§ What is needed:
In the data below, find the line containing "Cartão De Festividades"; transcribe it and each line after it exactly, through the last, skipping pictures.

§ Material provided:
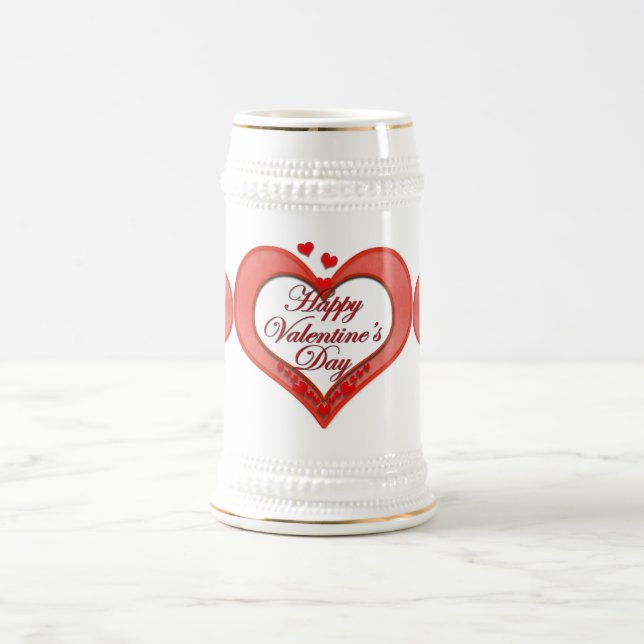 Beaded Red Heart Valentine Beer Stein (Center)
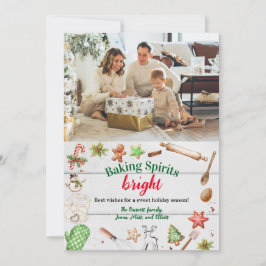 Cartão De Festividades Foto de Natal 'Baking Spirits Bright'
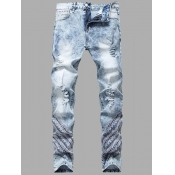 LW Men Mid Waist Tie-dye Blue Jeans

§ Solution:
 Cartão De Festividades Foto de Natal 'Baking Spirits Bright'
 LW Men Mid Waist Tie-dye Blue Jeans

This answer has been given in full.